#### Excerpted records ####

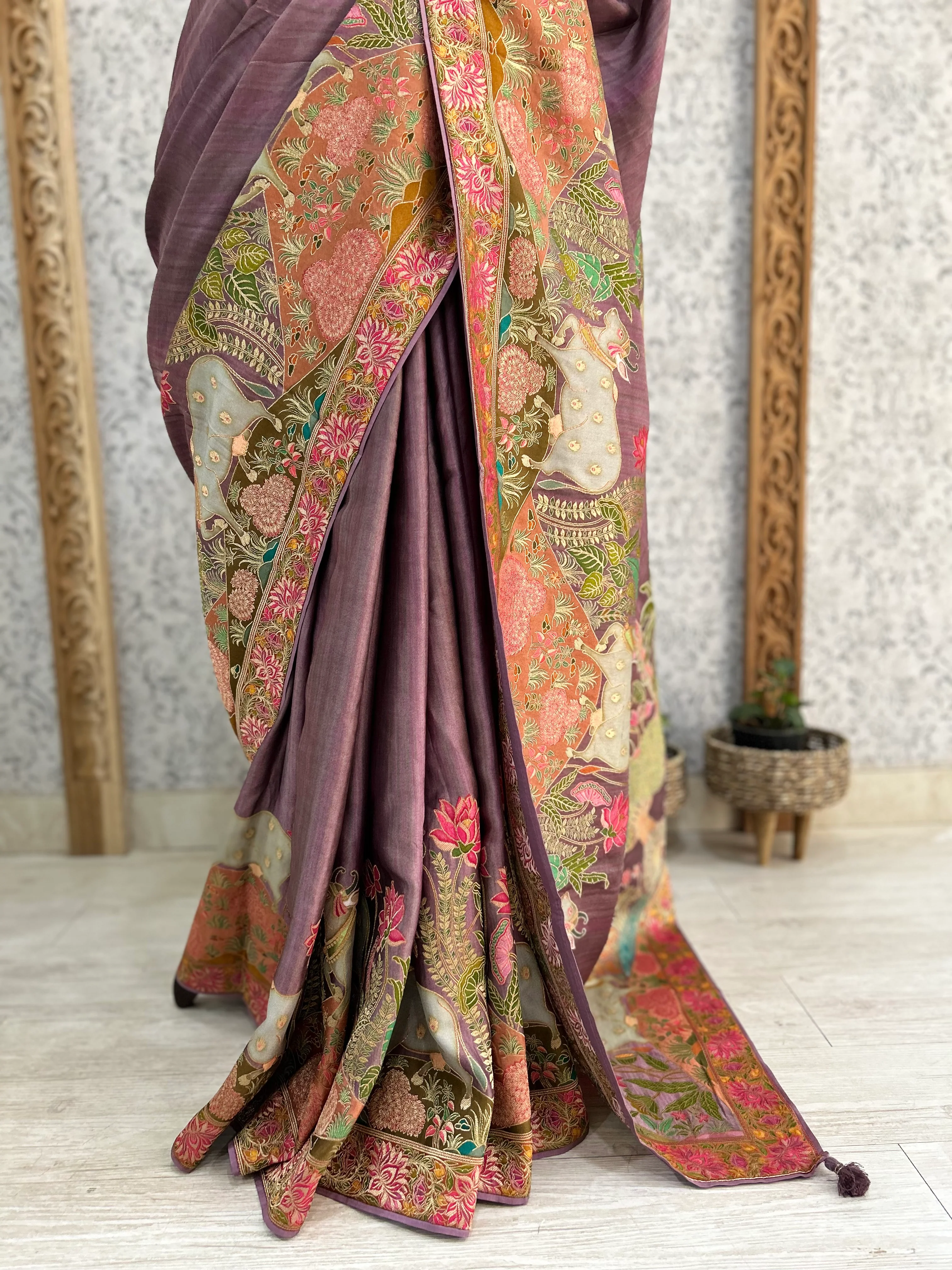 Light purple dola crepe silk saree 101 - Image 3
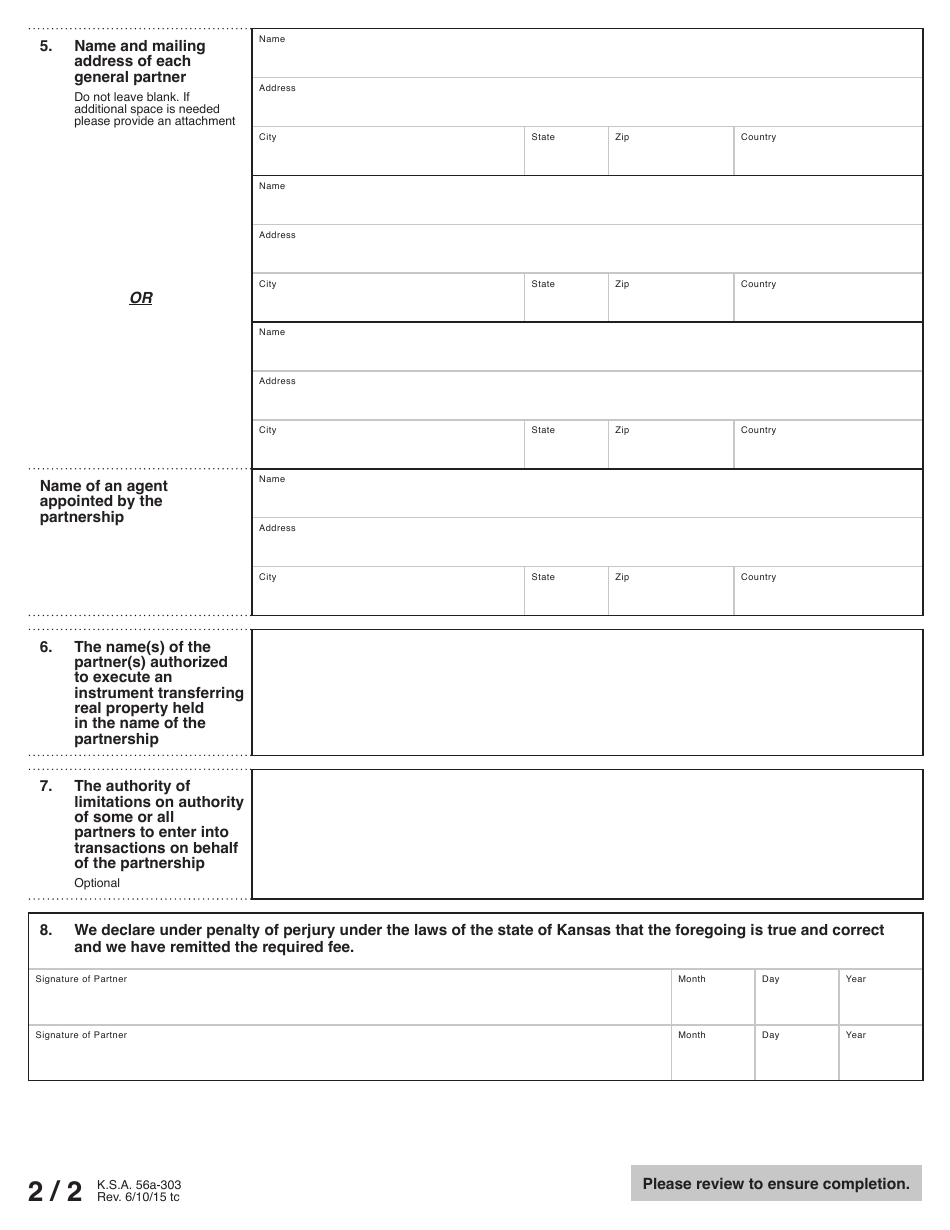 Form GA51-11 General Partnership Statement of Partnership Authority - Kansas, Page 3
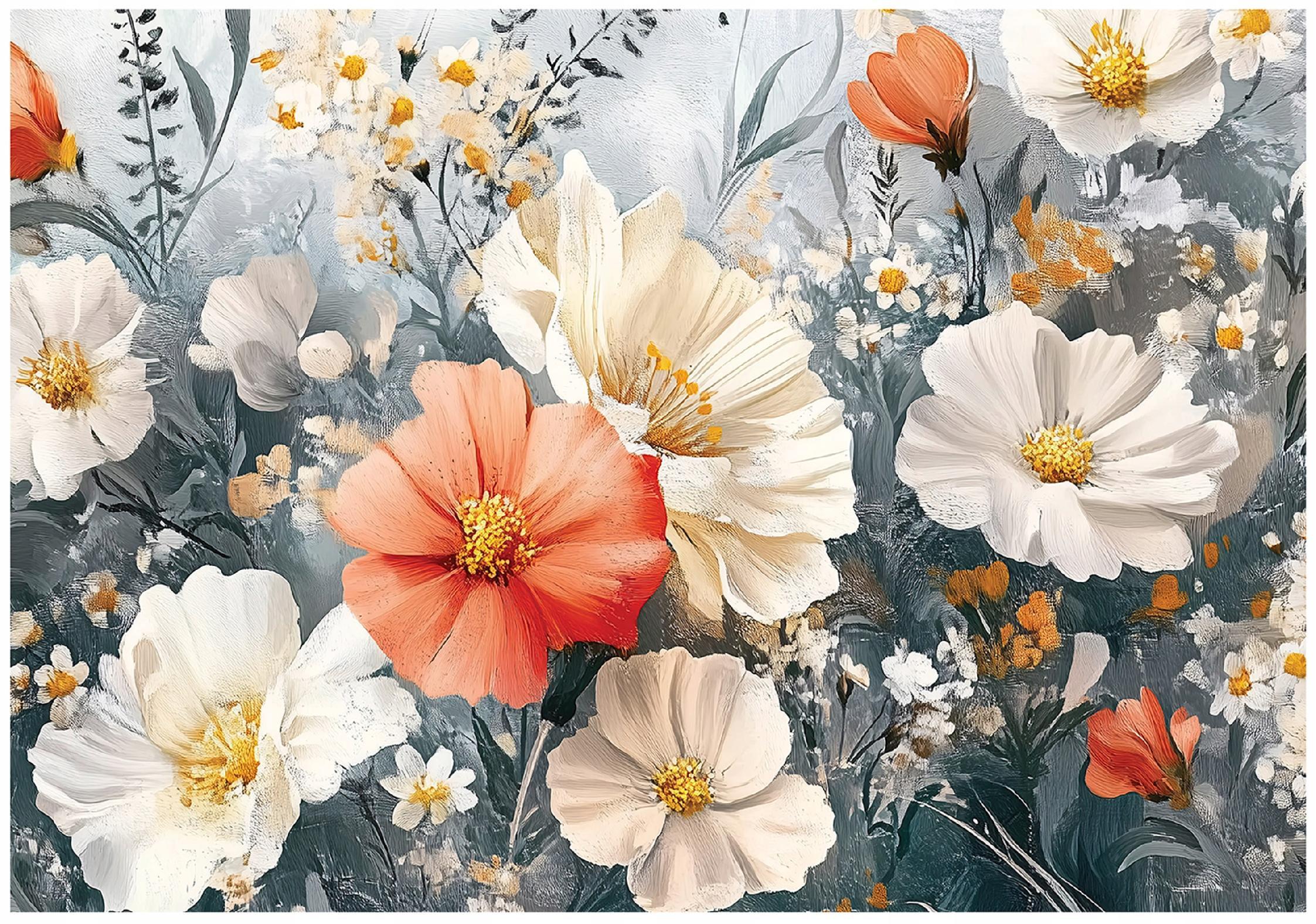 FOTOTAPETE Blumenwiese Wohnzimmer Deko Vlies Tapete 400x280 - Multicolor, Papier (400/280cm) - Wallarena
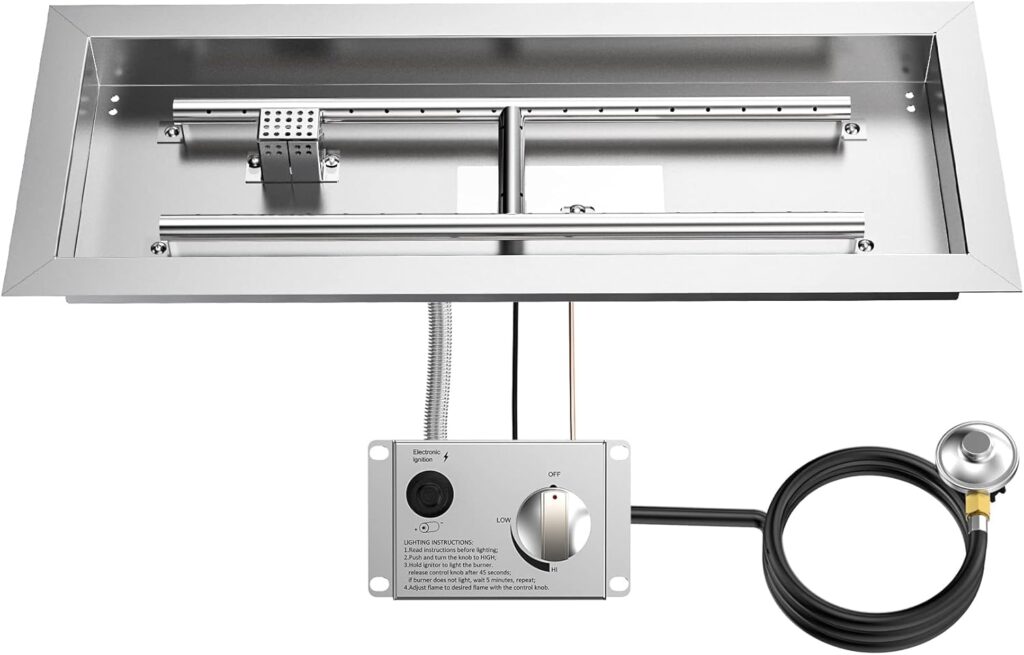 Skyflame Round Stainless Steel Fire Pit Drop-in Burner Kit with Flame Sensing, Electronic Spark Ignition, Propane Regulator Connector Hose Set for Propane Tank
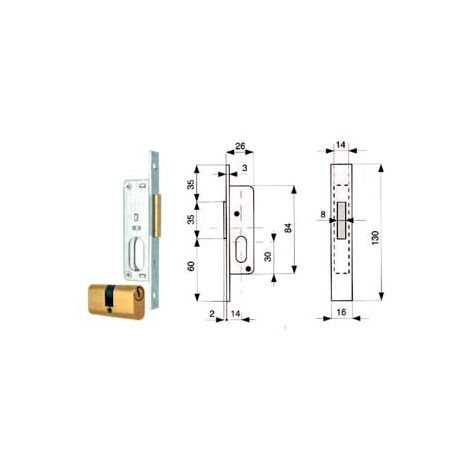 Serrure à mortaiser pour montants à pêne dormant uniquement avec cylindre 906 - 14 mm (906.14.1)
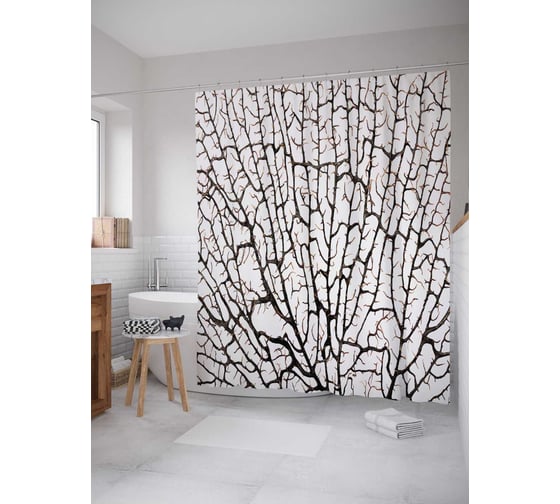 Штора (занавеска) для ванной JoyArty "Лесная паутина" из сатена, 180х200 см с крючками, sc_19684
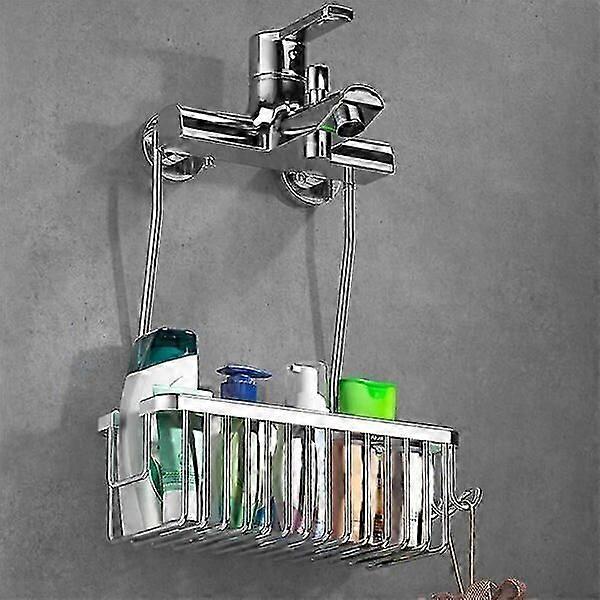 Hanging Shower Caddy Silver Bathroom Faucet Storage Rack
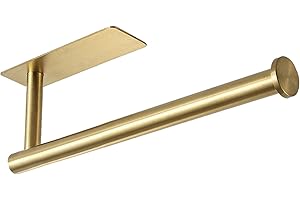 theaoo Gold Paper Towel Holder - Under Cabinet Paper Towel Holder for Kitchen, Adhesive Paper Towel Roll Rack for Bathroom To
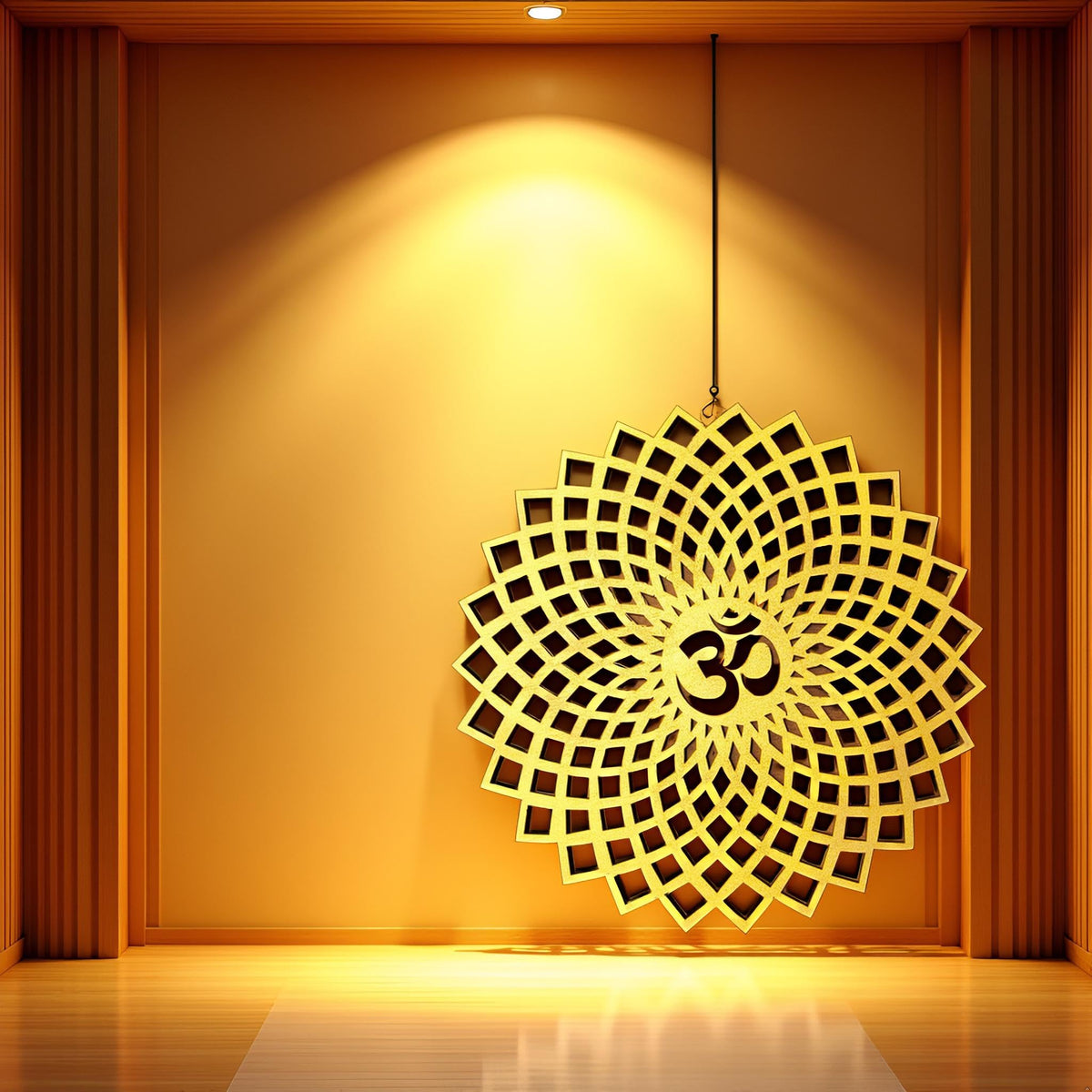Golden Om Round Decorative Wall Art Mdf Wooden Om Chakra For Temple (GEOMETRY OM-Gold / 10"L x 10"W)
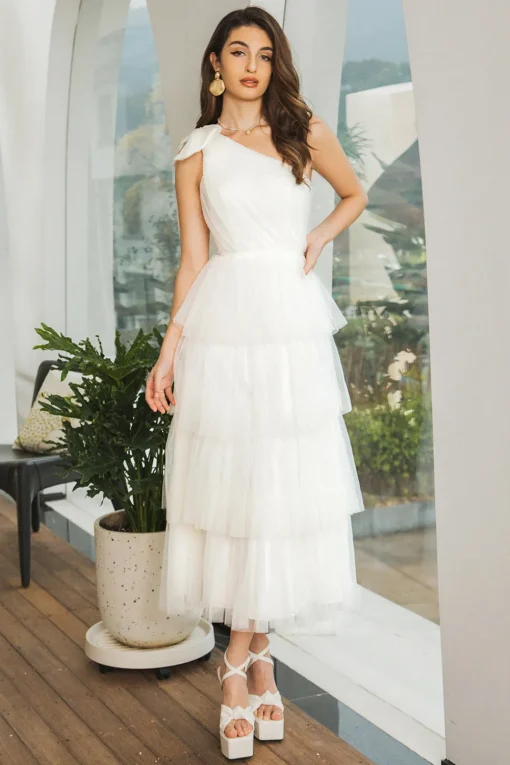 One Shoulder Tiered White Midi Graduation Dress with Bow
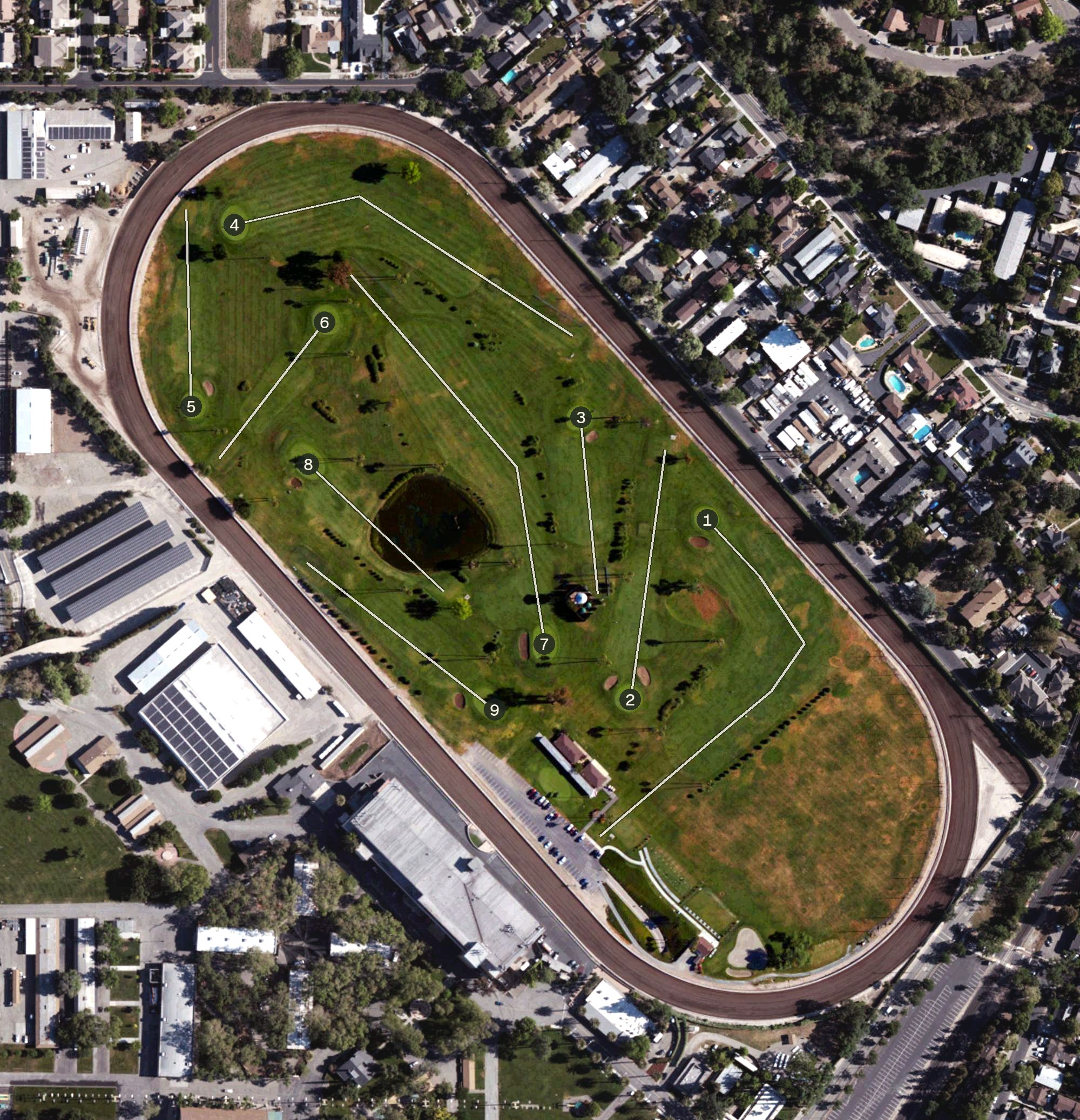 Aerial view of Pleasanton Golf Center, CA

####

Problem requirements
Copy exactly the lines running from the line with "theaoo Gold Paper" to the final line of the listing, keeping both ends and dropping any picture.

Response area
 theaoo Gold Paper Towel Holder - Under Cabinet Paper Towel Holder for Kitchen, Adhesive Paper Towel Roll Rack for Bathroom To
Golden Om Round Decorative Wall Art Mdf Wooden Om Chakra For Temple (GEOMETRY OM-Gold / 10"L x 10"W)
 One Shoulder Tiered White Midi Graduation Dress with Bow
 Aerial view of Pleasanton Golf Center, CA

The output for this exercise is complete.